The BR team reactivated eight Hostess social spaces.
“These social channels were dormant for eight months,” Bowne said. “We did the worst thing by stopping the engagement. We had to reintroduce and speak to a new generation and entice them to begin following us.”
To further hype 7.15.13, a cupcake box (a brown hat box with a white squiggle across the top) was sent to 70 key celebrity influencers with large followings. Inside the box were Twinkies, cupcakes and a note to please share the word on social. Snoop Dog tweeted: “Just got a special deliver! twinkies are bacc!” ESPN NFL Insider Adam Schefter tweeted a photo of the box. An NFL lineman put out a Vine video with his son who asks, “why are you crying,” with the lineman holding a box of Twinkies next to his cheek. David Letterman told his audience, “News from the world of fine dinning, Twinkies are back. Hostess sent us a box of Twinkies. Twinkies are healthier now. I found that disappointing. The version you can buy now are free range Twinkies.”
“Any mention was a good mention in our mind,” Bowne said.
Hostess met with Kroger and Wal-Mart, 7-Eleven, Walgreens and others who wanted to tie to Hostess’ social program.

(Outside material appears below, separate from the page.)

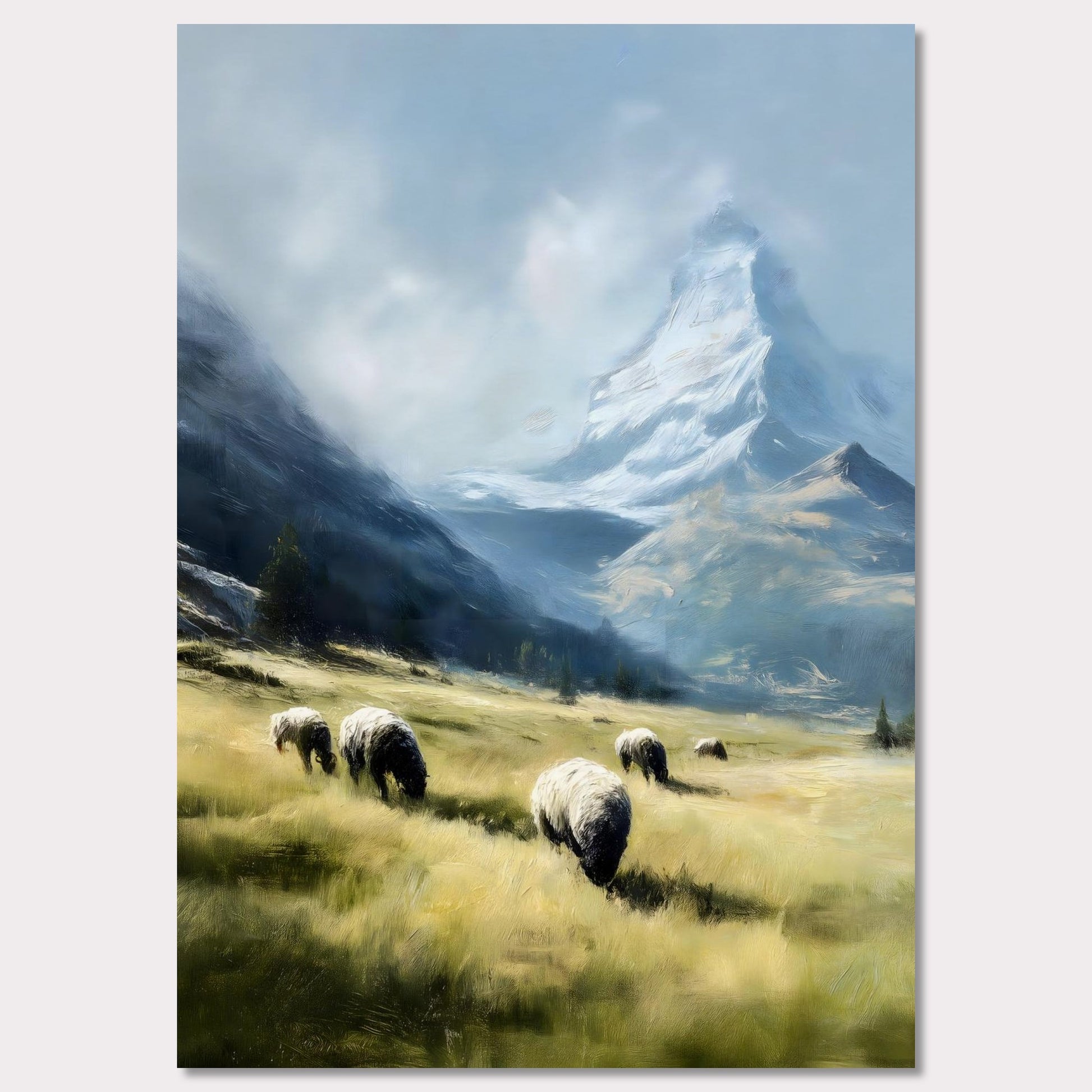 In the shadow of the Matterhorn, sheep graze peacefully on sunlit fields. This pastoral scene blends the grandeur of the Alps with the charm of rural life. The softness of the animals and golden grass contrasts beautifully with the snow-covered majesty above.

By the time 7.15 rolled around it was a frenzy.
Some 300 million cases were built. One retail customer put pallets out in 110 stores and the product blew through in less than one hour. Wal-Mart launched nationally a day early and sold 8,000 pallets in less than one day. Stores sold out of product within 48 hours. The challenge was to keep up on the back end.
“It was an unexpected response to the relaunch,” Seban said. “We ran our factory seven days a week for eight weeks 24 hours a day. It was unbelievable, the response from the American public was the most overwhelming I’ve ever seen.”
National broadcast stations jumped in. A branded snack truck, driven by NBC weatherman Al Roker and the Twinkie the Kid character appeared on the Today Show the morning of July 15. The truck was followed from the air by Good Morning America.
A mobile app was created for users to identify where to spot the snacks truck, which began a national tour to 15 markets. Out-of-home and social messaging changed over to “The Sweetest Comeback in the History of Ever.”
Over the 12 weeks following launch, Twinkie sales increased 185% and cupcake sales jumped 53%.
“The category, without Hostess, was down double digits. When we came back in—and today—the category is up in excess of 5% resulting in 20% turnaround for the category. Our sales are seven times greater than historic levels,” Seban said. “The return of hostess was great business for our retailers and we’ve ben blessed that the American public welcomed us back,” Seban said.
How is Hostess maintaining long-term growth following the buzz around the relaunch?
“Anybody who wouldn’t be concerned would be in a rabbit hole,” Seban said. “My vision is that we sell where candy bars are sold, which used to be just 35% of our distribution. To appeal to millennial we want to be sold as immediate consumption to drive trial and get lots of new customers.”